In the entries below, find the line with "In each floor" and the line with "And that's it". Repeat exactly everything between them, those two lines included, but not the pictures.

## Excerpted data
—————
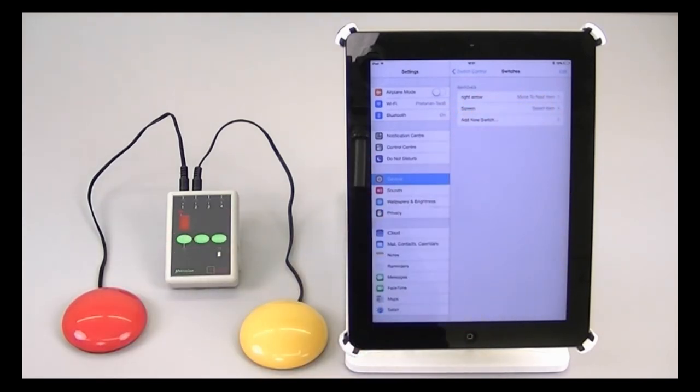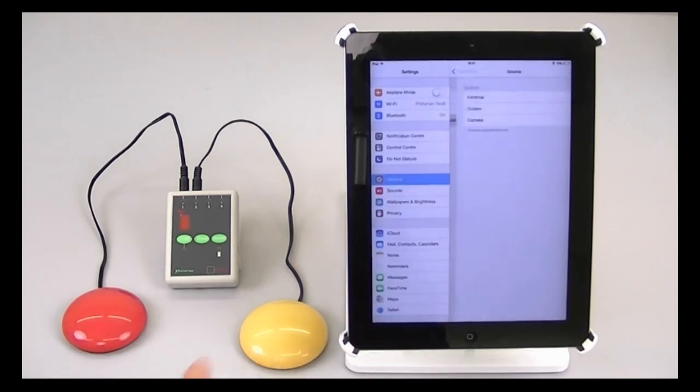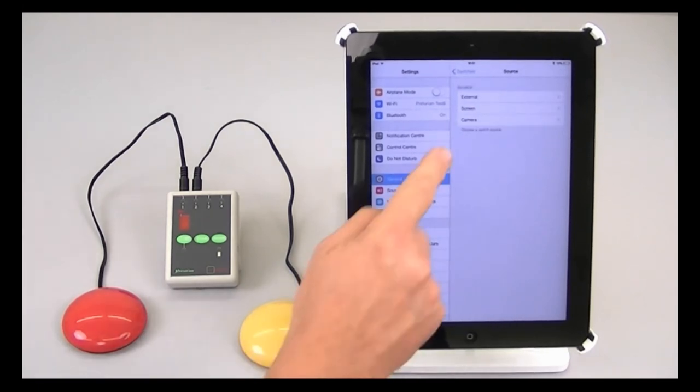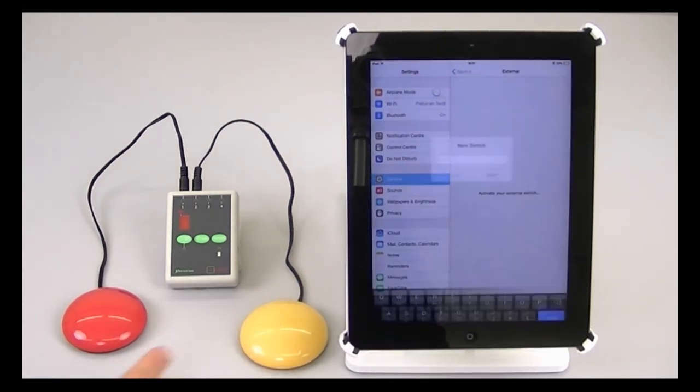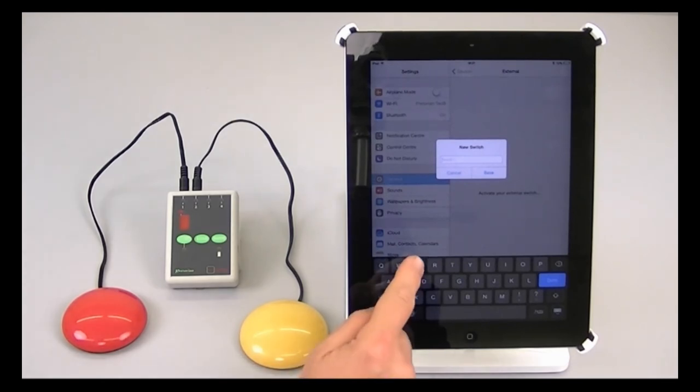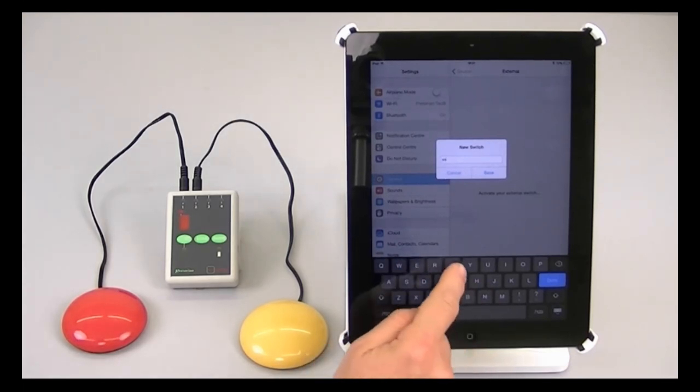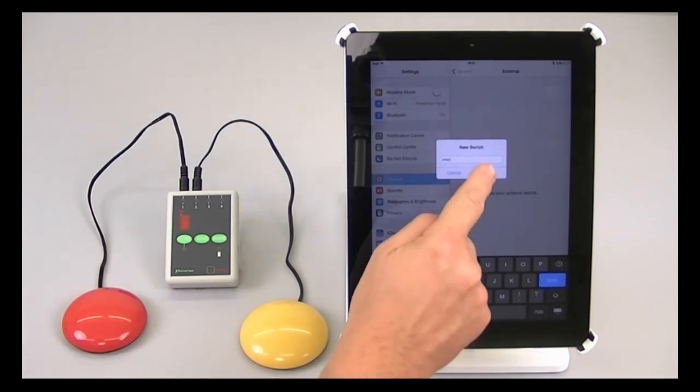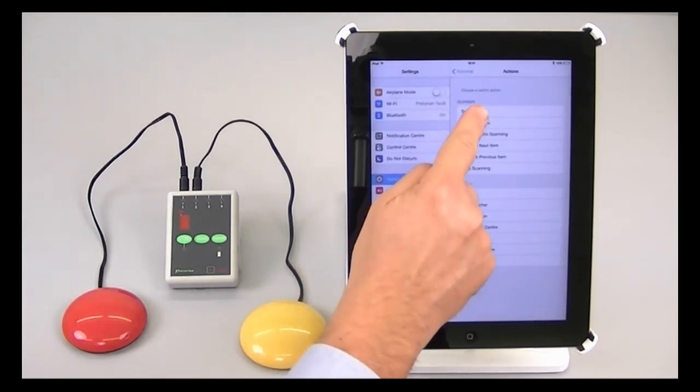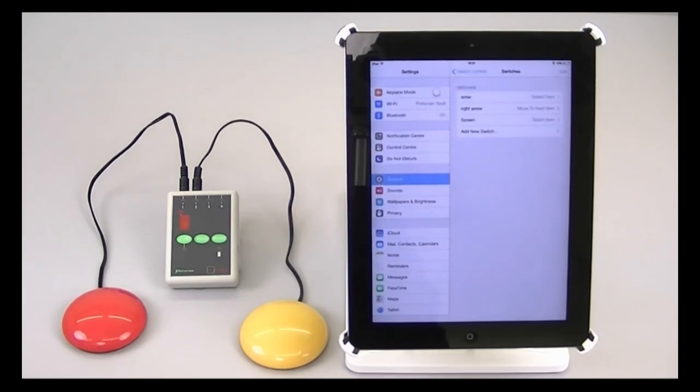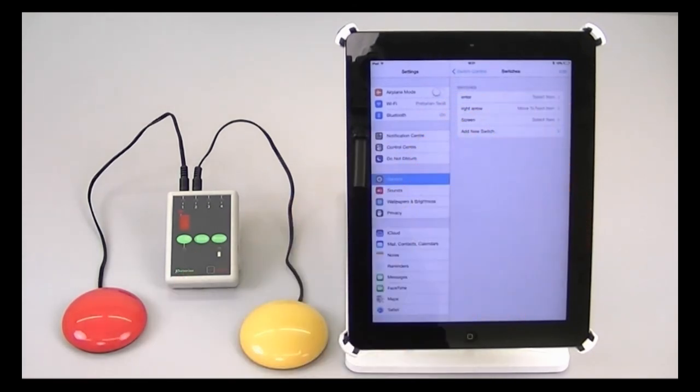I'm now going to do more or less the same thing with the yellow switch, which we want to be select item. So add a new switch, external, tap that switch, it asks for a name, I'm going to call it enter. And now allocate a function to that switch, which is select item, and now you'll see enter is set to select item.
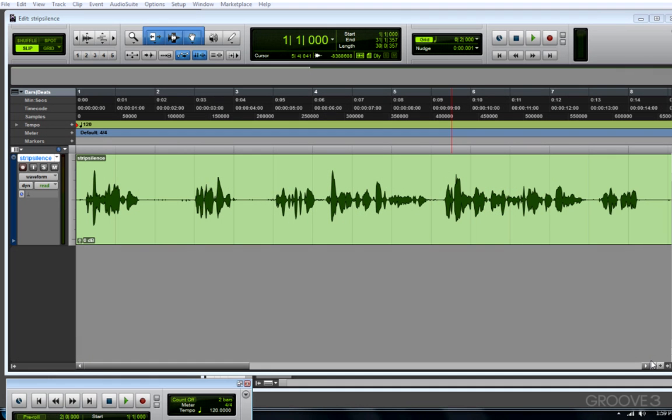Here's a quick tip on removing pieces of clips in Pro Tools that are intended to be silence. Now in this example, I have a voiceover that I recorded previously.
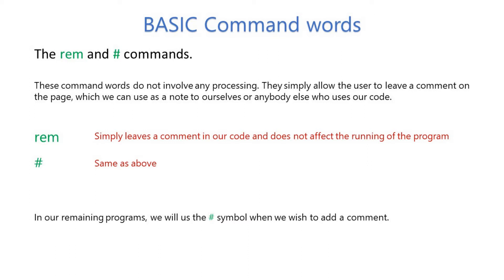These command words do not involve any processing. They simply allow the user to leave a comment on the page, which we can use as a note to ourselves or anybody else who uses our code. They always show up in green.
—————
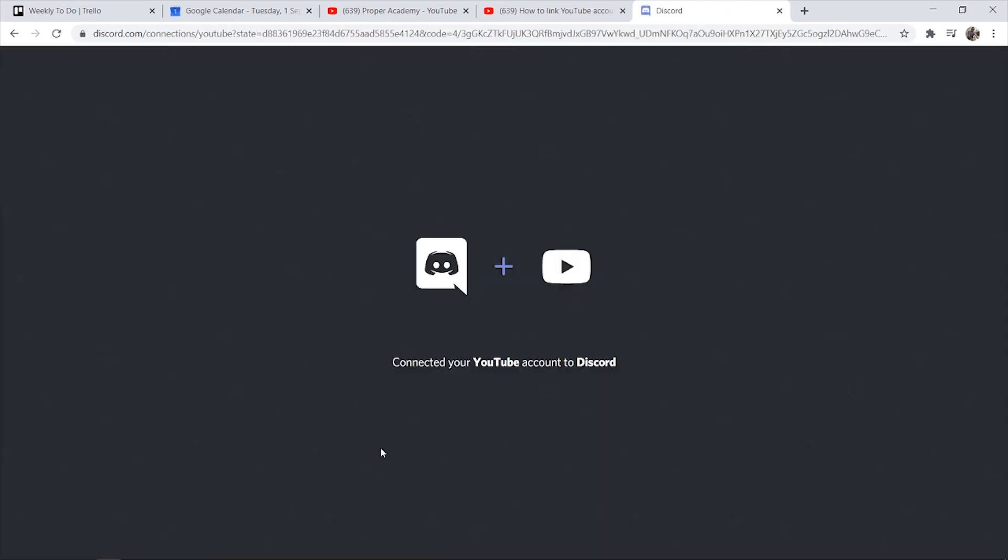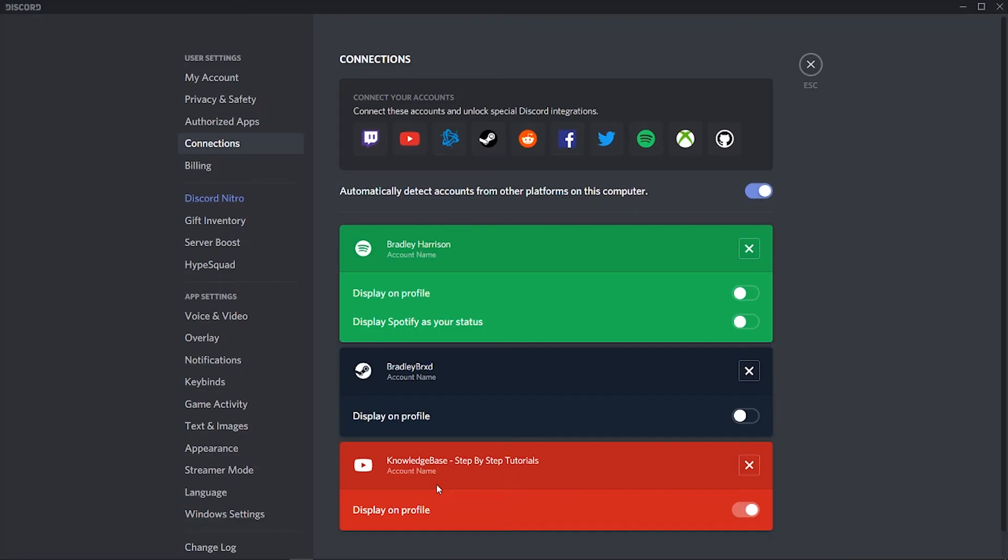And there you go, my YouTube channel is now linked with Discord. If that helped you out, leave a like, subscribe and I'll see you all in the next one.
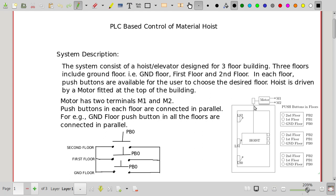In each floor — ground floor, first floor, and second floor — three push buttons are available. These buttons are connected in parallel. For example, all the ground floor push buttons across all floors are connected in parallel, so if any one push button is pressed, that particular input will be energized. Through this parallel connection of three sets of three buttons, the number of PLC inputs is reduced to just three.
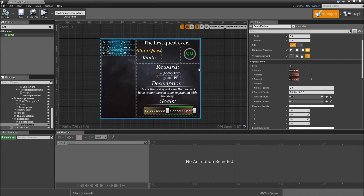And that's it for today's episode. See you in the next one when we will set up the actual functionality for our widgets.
—————
## Output of the exercise
In each floor — ground floor, first floor, and second floor — three push buttons are available. These buttons are connected in parallel. For example, all the ground floor push buttons across all floors are connected in parallel, so if any one push button is pressed, that particular input will be energized. Through this parallel connection of three sets of three buttons, the number of PLC inputs is reduced to just three.
And that's it for today's episode. See you in the next one when we will set up the actual functionality for our widgets.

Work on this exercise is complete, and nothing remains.